Segment Start: Stored data
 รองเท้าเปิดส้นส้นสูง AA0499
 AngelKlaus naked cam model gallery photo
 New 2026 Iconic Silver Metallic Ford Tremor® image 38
Segment End: Stored data
Segment Start: Stored data
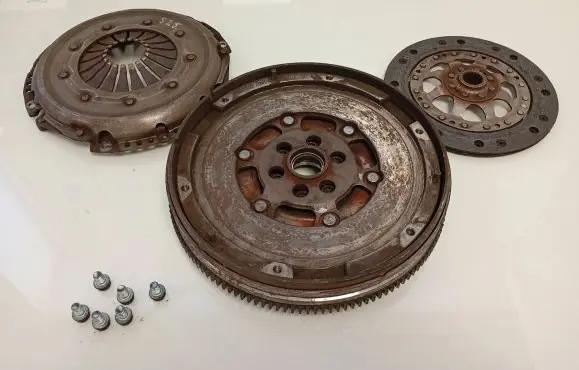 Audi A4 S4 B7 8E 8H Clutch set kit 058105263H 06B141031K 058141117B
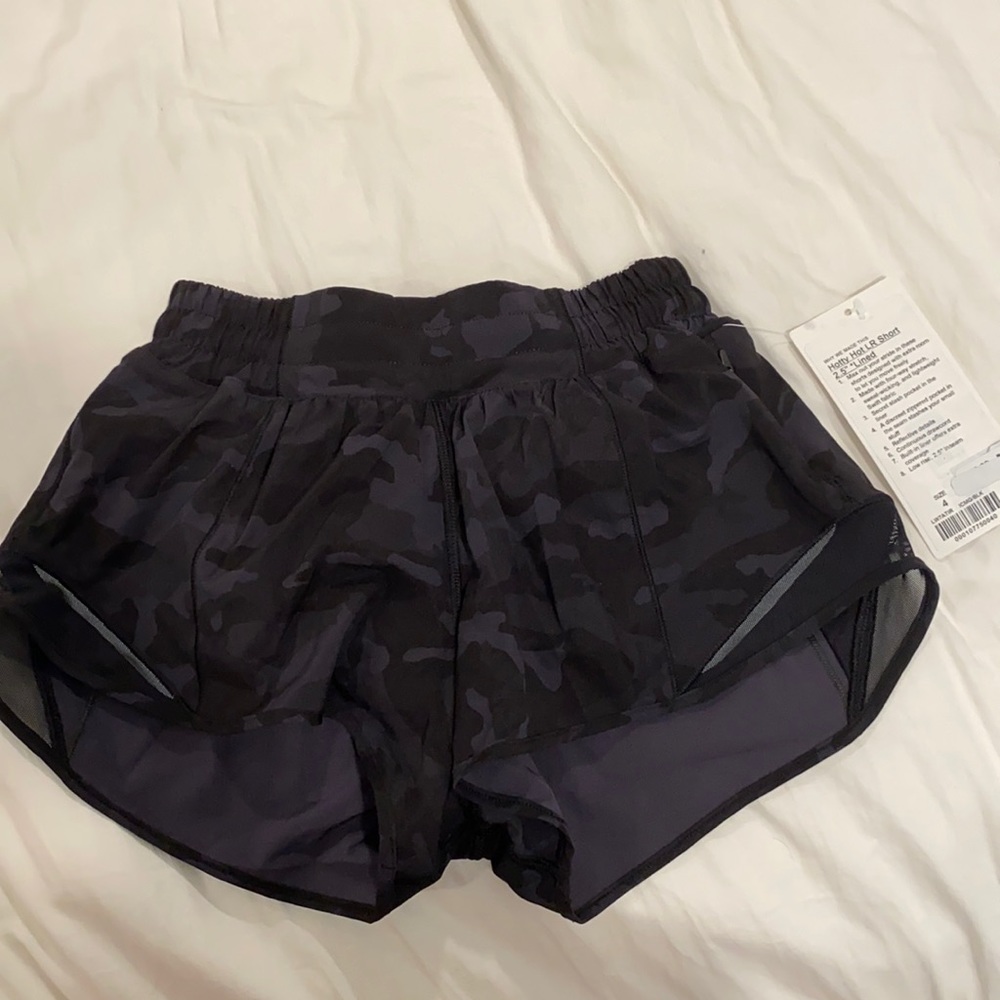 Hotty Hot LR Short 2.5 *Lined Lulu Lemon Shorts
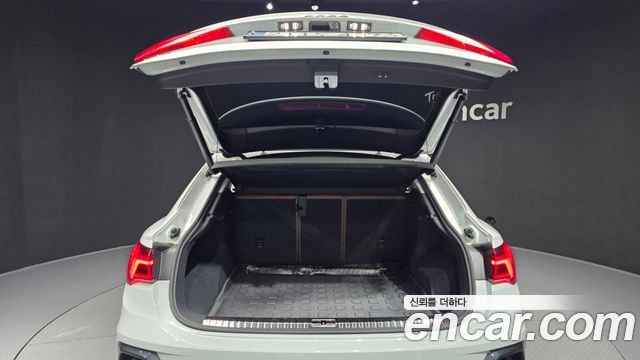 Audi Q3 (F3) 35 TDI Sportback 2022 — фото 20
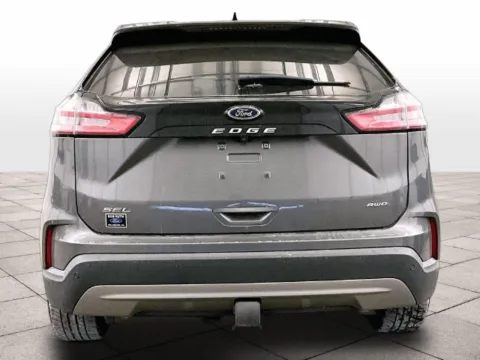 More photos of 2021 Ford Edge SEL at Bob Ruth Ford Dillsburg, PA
Segment End: Stored data
Segment Start: Stored data
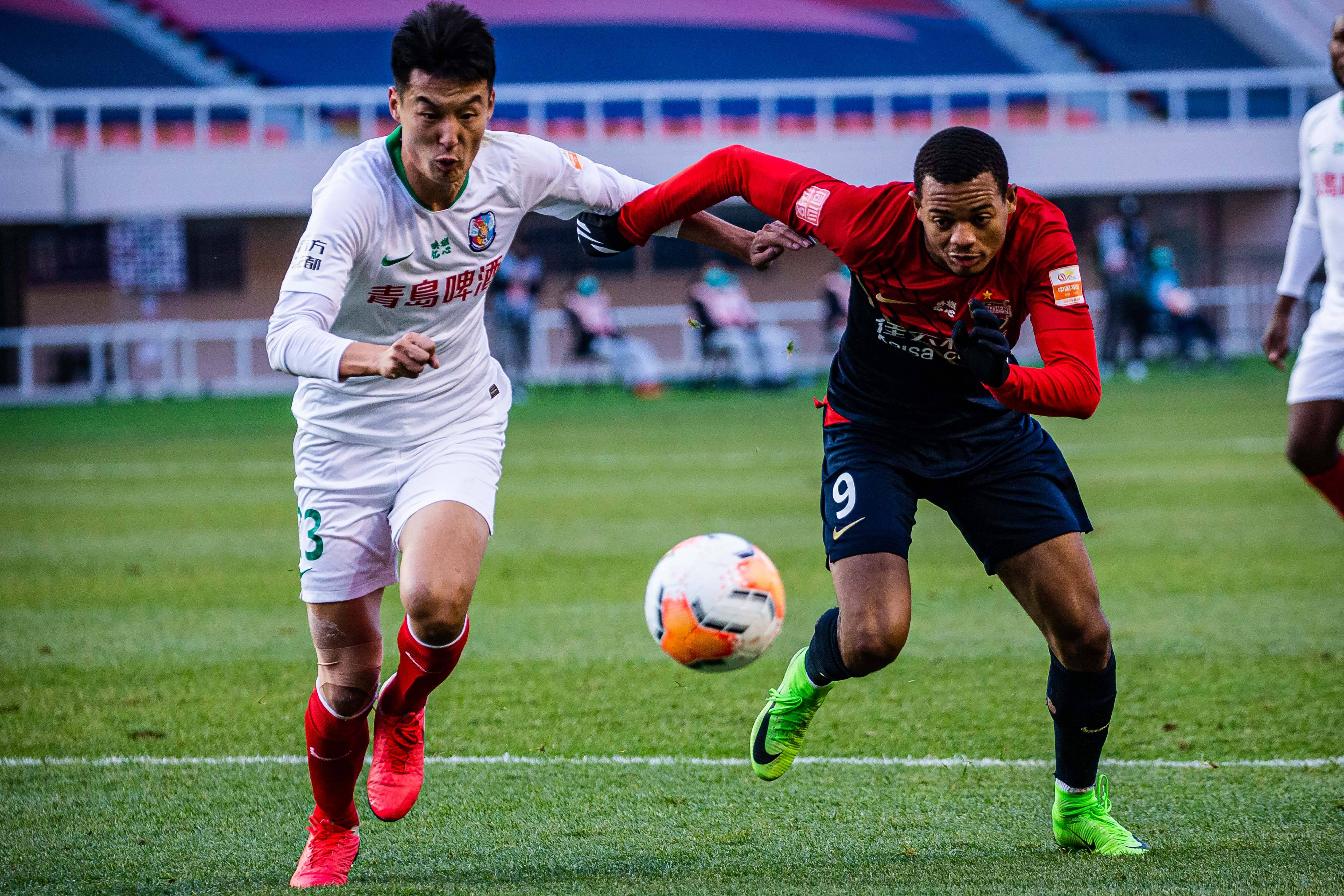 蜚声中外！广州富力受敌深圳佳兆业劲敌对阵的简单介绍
Segment End: Stored data
▸ What this task involves: Please transcribe exactly the part of the records that opens with the line containing "Hotty Hot LR" and closes with the line containing "More photos of", both ends included, and leave out the pictures.

▸ Your solution:
 Hotty Hot LR Short 2.5 *Lined Lulu Lemon Shorts
 Audi Q3 (F3) 35 TDI Sportback 2022 — фото 20
 More photos of 2021 Ford Edge SEL at Bob Ruth Ford Dillsburg, PA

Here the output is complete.